Rain, sleet, and snow won’t keep state lawmakers away from the state Capitol Wednesday, the first day of the legislative session.

On the first day of session, which will adjourn June 3, lawmakers will be sworn in before deciding on the rules and listening to Gov. M. Jodi Rell’s State of the State address.

In preparation, majority Democrats announced that they will begin tackling the 2009 budget deficit even before Rell gives her budget address in February, while minority Republicans hope to speed budget deliberations and bring more efficiency and transparency to the legislative process.

Speaker-elect Chris Donovan, D-Meriden, said he wants the Appropriations and the Finance, Revenue, and Bonding committees to finish their work two weeks ahead of schedule.

“We want to make the process work as quickly as possible so we have time to get it done,” Donovan said.

The state is facing an estimated $343 million budget deficit for 2009, followed by a more than $6 billion deficit over the next two years.

“This year we have to be focused on dealing with this budget challenge and changing policy where it improves things for folks and doesn’t add to that deficit,” Senate President Donald Williams, D-Brooklyn, said.
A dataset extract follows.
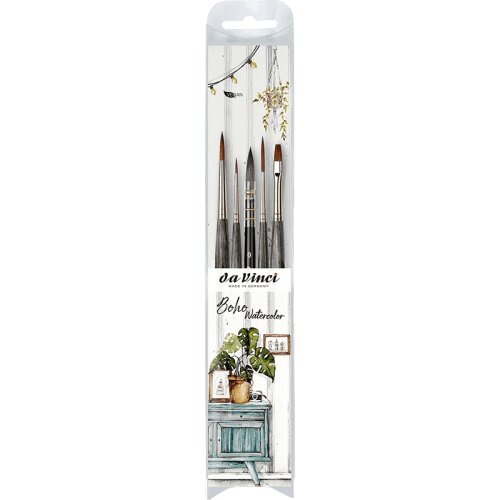 da Vinci BOHO WATERCOLOR SET | Signature Edition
Williams said he is telling his caucus tomorrow that “any proposal that costs money, that doesn’t pay for itself, is almost assuredly dead on arrival.”

He said that if the legislature is able to pass a budget before the end of the session on June 3, “it would be a tremendous accomplishment” because even during good budget years the legislature was unable to pass a budget on time.

In an effort to speed up the process, Senate Minority Leader John McKinney, R-Southport, said combining the two budget committees into one “Budget Committee” makes sense. The Appropriations Committee creates the spending side of the budget. McKinney said that often times Appropriations offers a bill that doesn’t match the Finance, Revenue, and Bonding Committee’s corresponding proposal to fund it.

In addition to streamlining the two budget committees, Republicans have proposed eliminating the four Select Committees, which under current law cannot transmit legislation directly to the floor of the House or Senate, and consolidating six other committees into three.

“We can’t talk about consolidating state agencies if we don’t consolidate legislative committees,” McKinney said. He said these changes would save the state money because it would require nine fewer full-time staff members and 18 fewer session-only employees.

McKinney said that over the years additional committees were created to make more chairmen, who get paid a higher salary than a rank-and-file legislator.

Republicans also proposed making state government more friendly by allowing the public to testify before elected officials and legislators at public hearings.

McKinney said he also has sent Williams a copy of his ethics proposal, which would permanently create a bipartisan ethics committee to investigate senators for abuse of their office, alleged ethical violations, or misconduct. The committee would be similar to the one that held hearings to decide whether to expel, censure, or reprimand former Sen. Louis DeLuca, who resigned in 2007 before the committee could make a decision.

Williams said he hasn’t reached agreement with McKinney on the language and believes it will be worked out sometime this session.